Microbank™ significantly outperforms lyophilization and glycerol-based cryopreservation, delivering higher recovery rates, reduced contamination risk, improved workflow, and lower operational costs, making it a superior choice for clinical microbiology laboratories engaged in long-term microbial preservation.

REFERENCES

• Brazier, J., & Hall, V. (2019). Long-term preservation of anaerobes using Microbank™. Anaerobe Reference Centre Report, Cardiff, UK.

• Illingworth, K., Le Roux, E., & Lastovica, A. J. (1993). Long-term storage of fastidious Campylobacter and Helicobacter species using Microbank™. VIIth International Workshop on Campylobacter, Helicobacter & Related Organisms.

• Pro-Lab Diagnostics. (2019).

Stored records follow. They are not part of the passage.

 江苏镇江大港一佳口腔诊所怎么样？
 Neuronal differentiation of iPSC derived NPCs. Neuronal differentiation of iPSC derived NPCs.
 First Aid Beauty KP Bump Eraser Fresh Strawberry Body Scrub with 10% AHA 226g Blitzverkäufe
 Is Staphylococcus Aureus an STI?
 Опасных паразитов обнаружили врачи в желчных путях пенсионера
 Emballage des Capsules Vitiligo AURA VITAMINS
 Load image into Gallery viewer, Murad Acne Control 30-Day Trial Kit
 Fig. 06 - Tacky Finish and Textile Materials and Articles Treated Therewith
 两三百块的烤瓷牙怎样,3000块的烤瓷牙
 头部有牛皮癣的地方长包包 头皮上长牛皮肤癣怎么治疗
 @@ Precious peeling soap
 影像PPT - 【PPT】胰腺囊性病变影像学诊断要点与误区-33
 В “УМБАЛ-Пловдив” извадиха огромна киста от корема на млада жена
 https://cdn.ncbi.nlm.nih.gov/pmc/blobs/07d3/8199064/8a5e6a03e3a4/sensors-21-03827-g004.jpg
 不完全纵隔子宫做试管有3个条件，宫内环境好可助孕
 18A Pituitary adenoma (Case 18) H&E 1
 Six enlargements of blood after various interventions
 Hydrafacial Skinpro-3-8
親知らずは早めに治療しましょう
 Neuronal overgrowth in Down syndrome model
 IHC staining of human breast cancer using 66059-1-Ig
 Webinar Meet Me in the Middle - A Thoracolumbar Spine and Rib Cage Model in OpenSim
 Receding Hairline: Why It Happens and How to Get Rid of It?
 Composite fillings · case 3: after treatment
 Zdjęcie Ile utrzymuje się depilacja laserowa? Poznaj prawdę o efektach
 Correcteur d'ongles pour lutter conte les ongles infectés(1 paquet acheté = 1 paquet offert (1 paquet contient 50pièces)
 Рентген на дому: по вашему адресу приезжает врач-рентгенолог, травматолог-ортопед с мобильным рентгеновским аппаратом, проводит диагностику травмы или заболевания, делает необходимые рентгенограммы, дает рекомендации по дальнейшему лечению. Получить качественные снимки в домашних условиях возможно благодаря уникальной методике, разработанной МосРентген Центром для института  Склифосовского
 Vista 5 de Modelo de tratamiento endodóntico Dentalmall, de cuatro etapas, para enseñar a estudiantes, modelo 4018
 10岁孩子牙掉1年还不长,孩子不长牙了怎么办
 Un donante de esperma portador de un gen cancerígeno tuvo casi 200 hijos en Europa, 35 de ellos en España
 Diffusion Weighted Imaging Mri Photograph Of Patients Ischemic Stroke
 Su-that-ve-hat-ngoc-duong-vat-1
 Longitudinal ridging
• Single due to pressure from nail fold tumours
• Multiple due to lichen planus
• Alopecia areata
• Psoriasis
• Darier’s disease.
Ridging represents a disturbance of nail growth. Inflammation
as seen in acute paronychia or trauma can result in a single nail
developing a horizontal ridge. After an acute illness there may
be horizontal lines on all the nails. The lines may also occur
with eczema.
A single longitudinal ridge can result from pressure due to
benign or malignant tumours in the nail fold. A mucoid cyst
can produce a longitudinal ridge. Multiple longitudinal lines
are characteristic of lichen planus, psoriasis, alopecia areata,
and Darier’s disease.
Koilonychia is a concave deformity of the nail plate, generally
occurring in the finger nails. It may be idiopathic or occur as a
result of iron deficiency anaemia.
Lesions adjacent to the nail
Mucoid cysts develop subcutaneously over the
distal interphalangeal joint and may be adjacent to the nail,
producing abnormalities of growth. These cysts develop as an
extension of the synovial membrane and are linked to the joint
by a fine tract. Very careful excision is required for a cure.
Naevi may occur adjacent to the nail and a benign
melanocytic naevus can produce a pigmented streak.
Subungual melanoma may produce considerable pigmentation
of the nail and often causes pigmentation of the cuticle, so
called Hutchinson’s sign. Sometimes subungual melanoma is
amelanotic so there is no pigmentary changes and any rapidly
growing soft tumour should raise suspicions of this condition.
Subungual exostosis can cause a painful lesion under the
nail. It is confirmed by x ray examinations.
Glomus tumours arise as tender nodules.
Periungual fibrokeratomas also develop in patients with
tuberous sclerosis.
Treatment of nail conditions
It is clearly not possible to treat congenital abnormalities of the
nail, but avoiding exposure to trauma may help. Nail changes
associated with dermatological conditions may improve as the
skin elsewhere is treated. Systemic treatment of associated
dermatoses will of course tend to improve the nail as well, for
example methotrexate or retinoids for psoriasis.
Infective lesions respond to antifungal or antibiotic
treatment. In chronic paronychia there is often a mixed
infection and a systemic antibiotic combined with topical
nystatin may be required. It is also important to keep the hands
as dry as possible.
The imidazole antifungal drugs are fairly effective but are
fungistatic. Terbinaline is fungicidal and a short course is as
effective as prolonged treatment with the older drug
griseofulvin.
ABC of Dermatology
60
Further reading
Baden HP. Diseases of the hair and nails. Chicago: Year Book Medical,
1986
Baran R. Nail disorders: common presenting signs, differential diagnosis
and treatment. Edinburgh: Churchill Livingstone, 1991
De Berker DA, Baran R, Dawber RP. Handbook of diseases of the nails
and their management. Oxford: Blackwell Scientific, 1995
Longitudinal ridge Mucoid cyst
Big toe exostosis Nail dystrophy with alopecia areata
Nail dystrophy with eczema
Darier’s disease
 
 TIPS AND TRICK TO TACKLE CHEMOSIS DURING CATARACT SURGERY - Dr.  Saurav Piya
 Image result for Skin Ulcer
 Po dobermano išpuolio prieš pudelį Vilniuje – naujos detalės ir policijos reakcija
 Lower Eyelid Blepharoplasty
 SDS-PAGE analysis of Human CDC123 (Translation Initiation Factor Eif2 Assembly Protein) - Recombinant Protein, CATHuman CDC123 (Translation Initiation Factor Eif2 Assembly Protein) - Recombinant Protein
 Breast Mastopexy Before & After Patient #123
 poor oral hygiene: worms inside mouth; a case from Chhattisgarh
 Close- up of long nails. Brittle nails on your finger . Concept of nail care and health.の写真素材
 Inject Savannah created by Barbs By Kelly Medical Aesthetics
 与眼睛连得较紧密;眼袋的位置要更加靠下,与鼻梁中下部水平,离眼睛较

Microbank™ World Wide Performance Portfolio. Pro-Lab Diagnostics, Austin, TX.

• Feltham, R. K., Power, A. K., Pell, P. A., & Sneath, P. H. (1978). A simple method for storage of bacteria at -76°C. Journal of Applied Bacteriology, 44(3), 313-316.

• Williams, N.J., et al. (2014). Long-term storage of zoonotic enteric pathogens using Microbank™. Vet Microbiol, 170(1-2), 81-88.

Conflict of Interest:
Rob Rae is affiliated with Pro-Lab Diagnostics, the manufacturer of Microbank™. To ensure unbiased results, independent evaluations from third-party research institutions have been incorporated.

Keywords: Microbank™, cryopreservation, microbial preservation, clinical microbiology, anaerobes, viability, lyophilization, glycerol aliquots, operational efficiency.